The contributions of the Ishikawa Diagram are numerous for both Industry and Quality
Born in Japan in 1915, with a PhD in Chemical Engineering from Tokyo University in 1939, Kaoru Ishikawa began his career in Quality in 1941 at the Nissan Liquid Fuel Company. His bibliographic production included a total of 647 articles and 31 books, among which some such as “Introduction to Quality Control” and “What is Total Quality Control? The Japanese way”.
His contributions are numerous both for Industry and for Quality, but we cannot fail to mention the dissemination of the Philosophy of Quality, also known as the “Culture of Quality”.
As chairman of the Japanese Committee of the National Conference on Quality Control, Ishikawa dedicated himself to making people and companies aware of the implementation and dissemination of the importance of quality for economic development. In this way, scholars point out its crucial role in the development of quality in Japan, beating or even surpassing North American quality standards.
We cannot leave aside the fact that numerous quality tools were already popular even before Ishikawa’s accomplishments, however, he was concerned with gathering tools that could be used by any collaborator, directing the focus on the practical application of methods and results. . This set of gathered techniques became known as “the 7 tools of Quality”, which is still used on a large scale by several companies around the world.
- Pareto’s chart
- Fishbone Diagrams (Ishikawa Diagram)
- Check Sheets
- Scatter Charts
- Control Charts
However, as useful as such tools seem to be, you must have a great understanding and knowledge about the problems that exist within your process so that each of these is applied assertively, resulting not only in analysis, but in results. In addition, it is also necessary that a culture of using these tools emerge and also the “Culture of Quality”, because without this, the flow of continuous improvement will not be fed back.
Quality and Ishikawa
Despite all the contributions that Ishikawa left as a legacy for the entire Quality area, we can highlight the Ishikawa diagram, also known as the Fishbone Diagram or even the Cause and Effect Diagram. Simple to create and use, the tool helps organize information to get to the root cause of a problem.
Therefore, such a diagram aims to help the team arrive at the real causes of problems that affect organizational, managerial or even operational processes of a company. That is, the purpose here is to identify which factors result in an undesirable situation in the corporation.

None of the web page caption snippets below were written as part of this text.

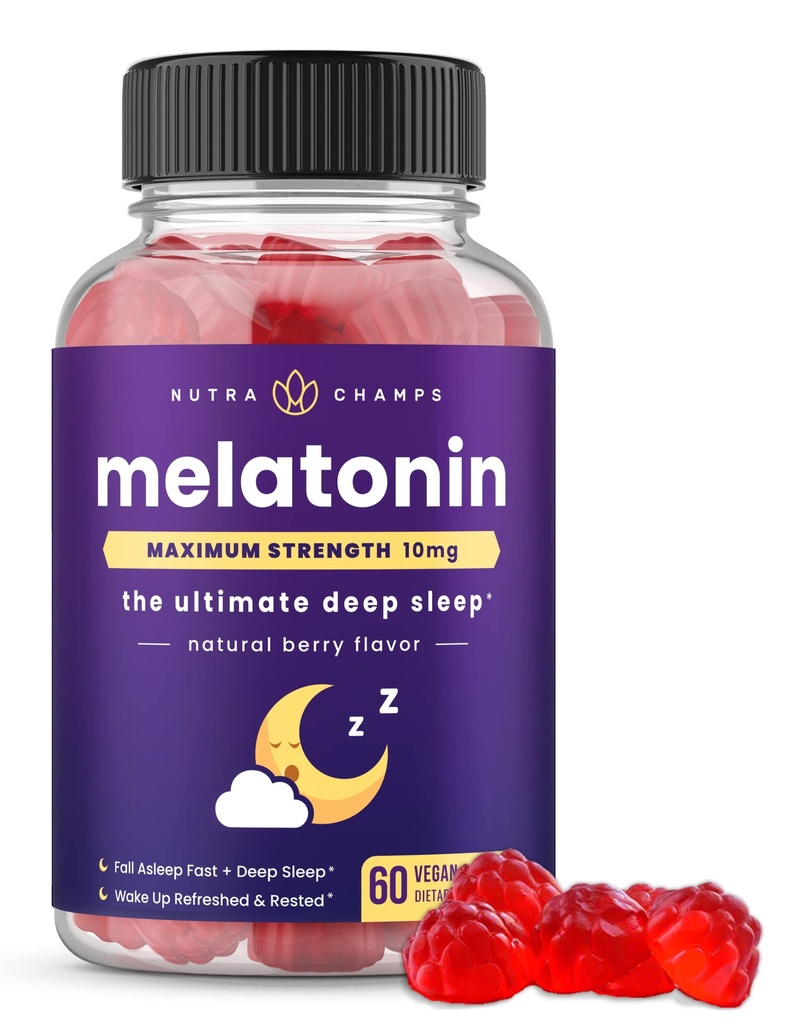 NutraChamps Melatonin Gummies za odrasle, Extra Streep Aid Vitamini, 5 mg ali 10 mg odmerek, Vegan naravne jagode Okus dodatek za boljše spanje, zdravo spanje ciklov, 60 Gummies
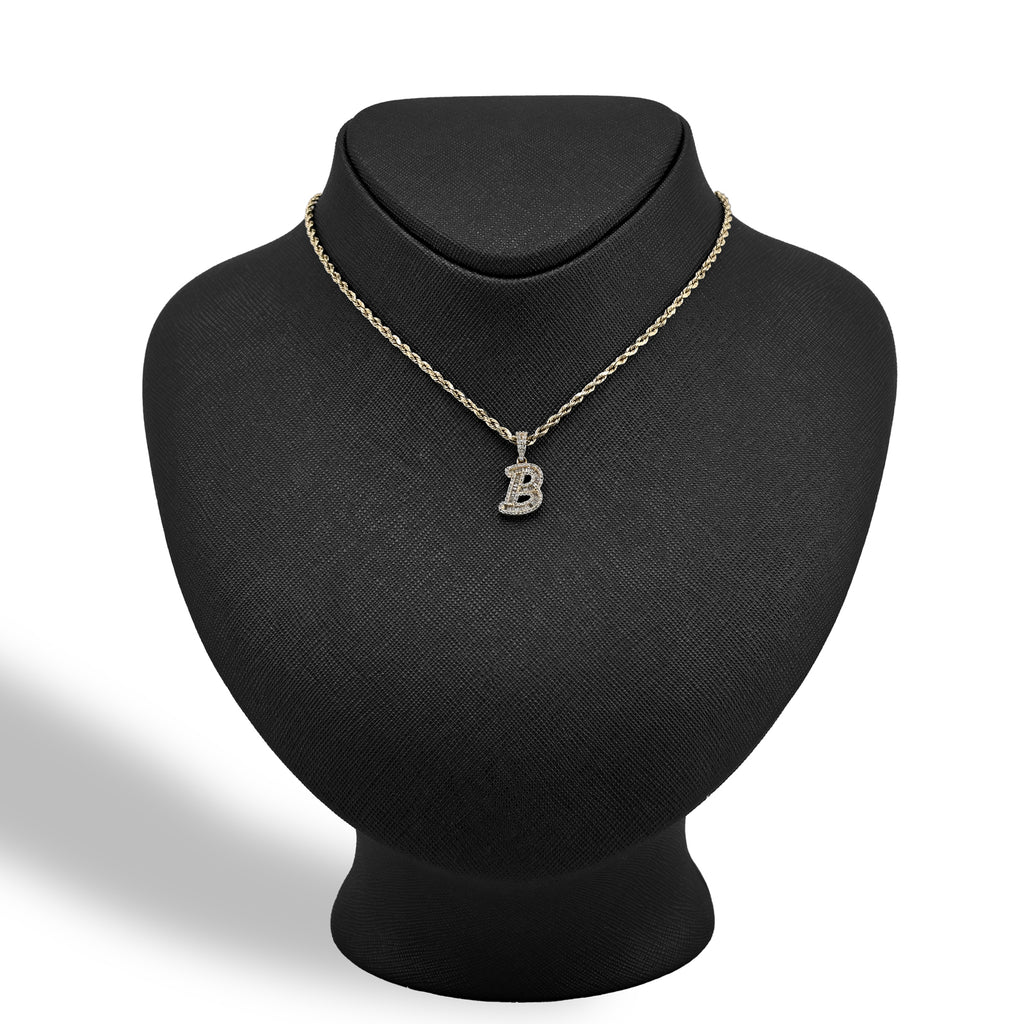 10K Yellow Gold 3/8 CTW Natural Diamond "B" Initial Pendant Round/Baguette Diamond Charm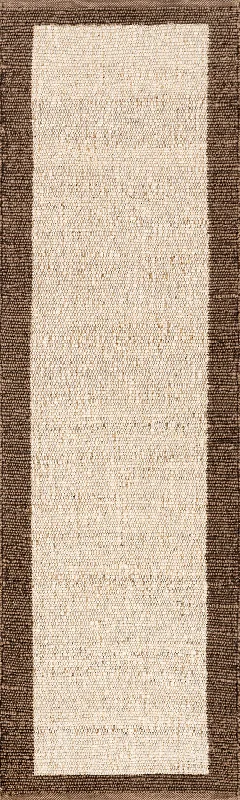 Suellen Bordered Handwoven Jute-Blend Rug | Brown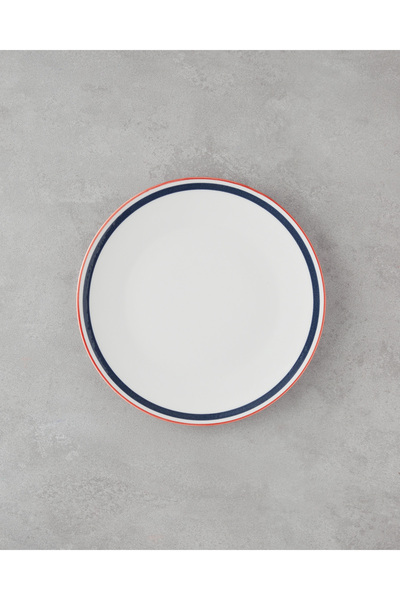 English Home Fanciful Bone Porselen Servis Tabağı 25 cm Lacivert-Kırmızı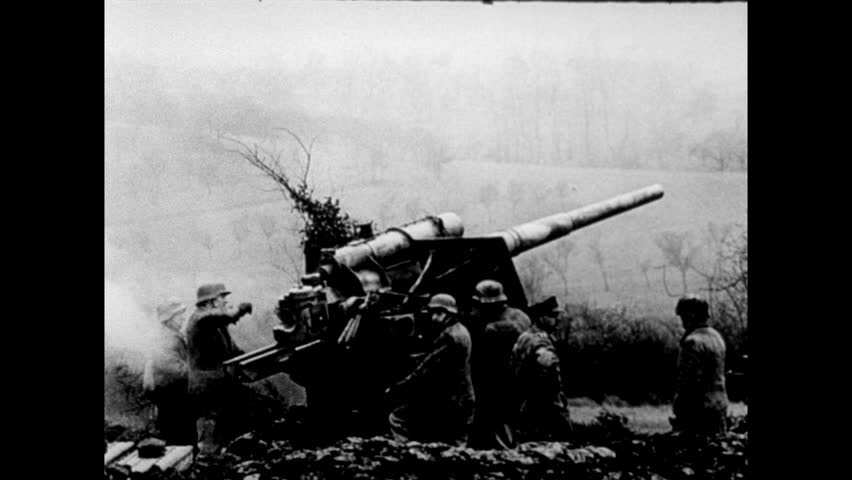 German artillery fires during Battle of the Bulge, Ardennes, Belgium, Luxembourg, December, 16, 1944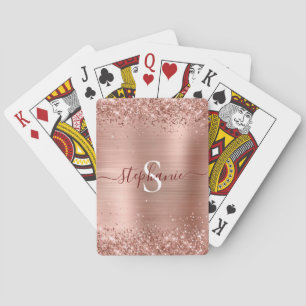 Rose Gold Monogram Faux-Glitter Girly Glam Playing Cards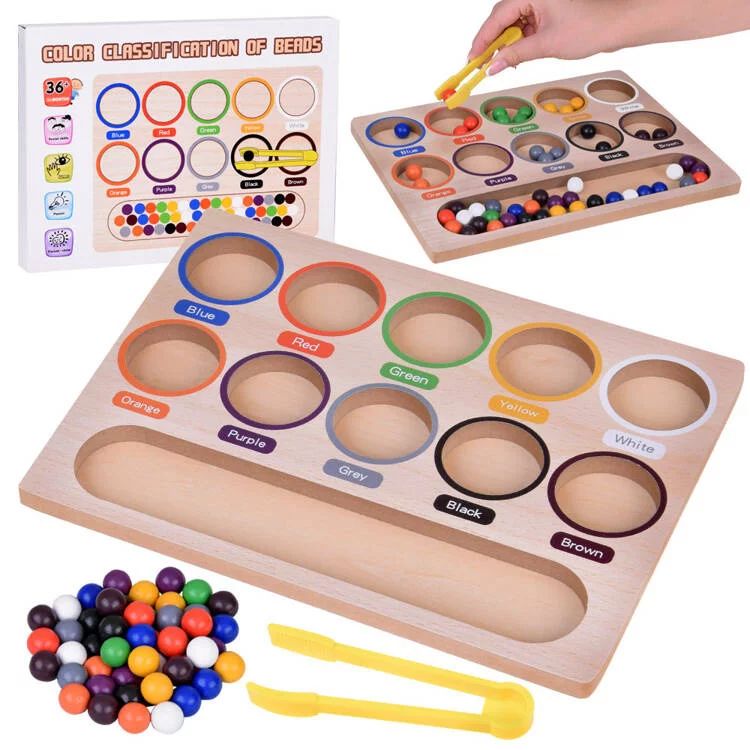 Jucarie Montessori de sortat culorile, Cu 50 de bile colorate, Mosaic Sorter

Ishikawa’s method is based on the hypothesis that, for each problem, there is a limited number of primary or principal causes, secondary, tertiary, and so on. And because this method was initially developed for industrial systems, the causes can be grouped into 6 categories, which also bears the name of the 6M Methodology, which are:
- problems linked to the failure or inadequacy of the machinery used, such as mechanical problems or improper use.
- the raw material or the material that was used in the process does not comply with the requirements for carrying out the work, that is, it is outside the necessary specifications to be used, such as a product that is the wrong size, expired or outside the ideal temperature.
- Problems may also involve people’s attitudes and difficulties in carrying out the process, and may include: haste, imprudence, lack of qualifications, lack of competence, etc.
- In this item, we must analyze the company’s internal and external environment and identify the factors that favor the occurrence of problems, such as pollution, heat, lack of space, layout, noise, meetings, etc.
- The processes, procedures and methods used during the activities can also influence the problem to occur, that is, we must analyze how much the way of working influenced the problem, for example, if there was planning, if it was executed as planned, if the tools certain were used, etc.
- This category covers causes that involve the metrics used to measure, monitor and control work, such as the effectiveness of calibration instruments, indicators, targets and charges.
How to make?
- Define the problem to be solved;
- Brainstorming with the team assigned to solve this problem, focusing on the question “Why did this problem happen?”, categorizing each of these reasons according to the 6M Methodology;
- Analyze the causes focusing on the question “Why did this cause happen?”, thus creating ramifications of these causes, thus identifying the first sublevel of these causes;
- Analyze data and evidence to validate such statements and/or causes;
- Arriving at a root cause, where all the points listed above can be answered, even if relatively, but thus reaching a root cause;
- Create action plans to eliminate the occurrence of such root cause, because in this way we will be mitigating all the points already analyzed and mainly the general problem, initially named.